Work required> Copy nothing from the entries below except the lines from the one containing "Maria B Pret" through the one containing "Jacquard, Gold hardware", and copy those exactly.

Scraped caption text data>
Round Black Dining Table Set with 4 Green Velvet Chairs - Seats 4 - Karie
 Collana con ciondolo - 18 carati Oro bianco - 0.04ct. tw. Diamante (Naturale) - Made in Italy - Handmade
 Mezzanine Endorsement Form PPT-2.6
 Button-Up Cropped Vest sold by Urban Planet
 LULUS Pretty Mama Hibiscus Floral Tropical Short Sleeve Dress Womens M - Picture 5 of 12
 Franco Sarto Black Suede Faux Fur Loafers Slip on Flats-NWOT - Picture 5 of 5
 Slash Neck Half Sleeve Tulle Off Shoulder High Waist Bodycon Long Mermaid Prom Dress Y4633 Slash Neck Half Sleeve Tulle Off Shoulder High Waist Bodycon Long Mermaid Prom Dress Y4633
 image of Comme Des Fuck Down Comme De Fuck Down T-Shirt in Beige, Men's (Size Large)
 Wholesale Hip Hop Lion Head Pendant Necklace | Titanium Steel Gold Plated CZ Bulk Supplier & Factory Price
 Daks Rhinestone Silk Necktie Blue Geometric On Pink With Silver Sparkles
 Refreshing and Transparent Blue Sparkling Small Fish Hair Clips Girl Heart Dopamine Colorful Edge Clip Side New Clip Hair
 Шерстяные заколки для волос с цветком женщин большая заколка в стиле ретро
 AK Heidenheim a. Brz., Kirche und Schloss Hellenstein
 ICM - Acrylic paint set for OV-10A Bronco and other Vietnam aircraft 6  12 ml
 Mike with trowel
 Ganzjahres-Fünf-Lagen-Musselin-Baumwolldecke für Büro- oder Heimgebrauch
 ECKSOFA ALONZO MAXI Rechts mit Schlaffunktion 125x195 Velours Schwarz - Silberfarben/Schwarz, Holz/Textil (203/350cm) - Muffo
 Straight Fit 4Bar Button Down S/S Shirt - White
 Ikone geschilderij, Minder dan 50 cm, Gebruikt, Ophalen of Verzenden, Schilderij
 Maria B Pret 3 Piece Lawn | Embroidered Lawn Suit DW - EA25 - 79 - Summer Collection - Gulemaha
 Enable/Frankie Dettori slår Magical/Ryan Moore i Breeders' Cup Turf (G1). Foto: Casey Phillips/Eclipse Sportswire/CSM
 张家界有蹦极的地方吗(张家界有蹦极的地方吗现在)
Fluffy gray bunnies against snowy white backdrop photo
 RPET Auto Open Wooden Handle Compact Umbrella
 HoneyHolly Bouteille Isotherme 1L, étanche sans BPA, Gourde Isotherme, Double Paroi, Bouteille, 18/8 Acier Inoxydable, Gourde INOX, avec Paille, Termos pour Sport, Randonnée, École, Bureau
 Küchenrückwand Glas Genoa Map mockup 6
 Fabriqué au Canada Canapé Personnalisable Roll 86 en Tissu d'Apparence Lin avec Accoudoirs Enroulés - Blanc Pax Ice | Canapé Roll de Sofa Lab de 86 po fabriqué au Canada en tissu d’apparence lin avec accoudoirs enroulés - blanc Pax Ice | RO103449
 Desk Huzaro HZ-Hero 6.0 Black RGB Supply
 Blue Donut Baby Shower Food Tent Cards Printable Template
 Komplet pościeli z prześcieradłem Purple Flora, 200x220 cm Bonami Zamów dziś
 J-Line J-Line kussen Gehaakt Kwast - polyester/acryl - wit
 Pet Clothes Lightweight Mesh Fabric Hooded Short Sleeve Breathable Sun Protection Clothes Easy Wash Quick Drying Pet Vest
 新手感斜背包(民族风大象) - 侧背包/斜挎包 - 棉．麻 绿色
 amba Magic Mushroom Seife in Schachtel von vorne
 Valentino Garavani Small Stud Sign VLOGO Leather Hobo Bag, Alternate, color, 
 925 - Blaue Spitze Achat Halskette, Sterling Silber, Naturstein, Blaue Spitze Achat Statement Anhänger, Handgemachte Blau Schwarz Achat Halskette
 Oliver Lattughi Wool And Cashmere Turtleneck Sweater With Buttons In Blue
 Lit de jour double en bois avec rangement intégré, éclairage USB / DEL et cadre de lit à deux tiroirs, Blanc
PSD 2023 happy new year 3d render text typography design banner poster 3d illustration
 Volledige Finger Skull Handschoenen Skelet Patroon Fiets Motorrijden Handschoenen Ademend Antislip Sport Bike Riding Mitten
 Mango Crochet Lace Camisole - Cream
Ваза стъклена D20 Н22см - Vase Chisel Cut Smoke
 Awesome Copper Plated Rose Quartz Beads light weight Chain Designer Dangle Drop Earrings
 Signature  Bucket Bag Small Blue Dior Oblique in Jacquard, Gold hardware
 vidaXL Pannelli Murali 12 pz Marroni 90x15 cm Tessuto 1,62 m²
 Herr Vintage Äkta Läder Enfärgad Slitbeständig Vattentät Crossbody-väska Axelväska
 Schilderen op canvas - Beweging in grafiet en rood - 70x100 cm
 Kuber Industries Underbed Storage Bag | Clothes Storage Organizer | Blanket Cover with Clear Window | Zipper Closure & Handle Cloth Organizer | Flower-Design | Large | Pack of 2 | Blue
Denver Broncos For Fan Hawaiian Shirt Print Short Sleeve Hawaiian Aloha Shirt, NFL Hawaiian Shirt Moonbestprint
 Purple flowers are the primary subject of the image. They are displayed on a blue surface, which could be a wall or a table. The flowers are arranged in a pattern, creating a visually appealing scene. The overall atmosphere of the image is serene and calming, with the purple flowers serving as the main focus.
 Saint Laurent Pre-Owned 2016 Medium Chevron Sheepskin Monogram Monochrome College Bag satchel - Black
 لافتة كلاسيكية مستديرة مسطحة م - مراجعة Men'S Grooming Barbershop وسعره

Result of this task>
 Maria B Pret 3 Piece Lawn | Embroidered Lawn Suit DW - EA25 - 79 - Summer Collection - Gulemaha
 Enable/Frankie Dettori slår Magical/Ryan Moore i Breeders' Cup Turf (G1). Foto: Casey Phillips/Eclipse Sportswire/CSM
 张家界有蹦极的地方吗(张家界有蹦极的地方吗现在)
Fluffy gray bunnies against snowy white backdrop photo
 RPET Auto Open Wooden Handle Compact Umbrella
 HoneyHolly Bouteille Isotherme 1L, étanche sans BPA, Gourde Isotherme, Double Paroi, Bouteille, 18/8 Acier Inoxydable, Gourde INOX, avec Paille, Termos pour Sport, Randonnée, École, Bureau
 Küchenrückwand Glas Genoa Map mockup 6
 Fabriqué au Canada Canapé Personnalisable Roll 86 en Tissu d'Apparence Lin avec Accoudoirs Enroulés - Blanc Pax Ice | Canapé Roll de Sofa Lab de 86 po fabriqué au Canada en tissu d’apparence lin avec accoudoirs enroulés - blanc Pax Ice | RO103449
 Desk Huzaro HZ-Hero 6.0 Black RGB Supply
 Blue Donut Baby Shower Food Tent Cards Printable Template
 Komplet pościeli z prześcieradłem Purple Flora, 200x220 cm Bonami Zamów dziś
 J-Line J-Line kussen Gehaakt Kwast - polyester/acryl - wit
 Pet Clothes Lightweight Mesh Fabric Hooded Short Sleeve Breathable Sun Protection Clothes Easy Wash Quick Drying Pet Vest
 新手感斜背包(民族风大象) - 侧背包/斜挎包 - 棉．麻 绿色
 amba Magic Mushroom Seife in Schachtel von vorne
 Valentino Garavani Small Stud Sign VLOGO Leather Hobo Bag, Alternate, color, 
 925 - Blaue Spitze Achat Halskette, Sterling Silber, Naturstein, Blaue Spitze Achat Statement Anhänger, Handgemachte Blau Schwarz Achat Halskette
 Oliver Lattughi Wool And Cashmere Turtleneck Sweater With Buttons In Blue
 Lit de jour double en bois avec rangement intégré, éclairage USB / DEL et cadre de lit à deux tiroirs, Blanc
PSD 2023 happy new year 3d render text typography design banner poster 3d illustration
 Volledige Finger Skull Handschoenen Skelet Patroon Fiets Motorrijden Handschoenen Ademend Antislip Sport Bike Riding Mitten
 Mango Crochet Lace Camisole - Cream
Ваза стъклена D20 Н22см - Vase Chisel Cut Smoke
 Awesome Copper Plated Rose Quartz Beads light weight Chain Designer Dangle Drop Earrings
 Signature  Bucket Bag Small Blue Dior Oblique in Jacquard, Gold hardware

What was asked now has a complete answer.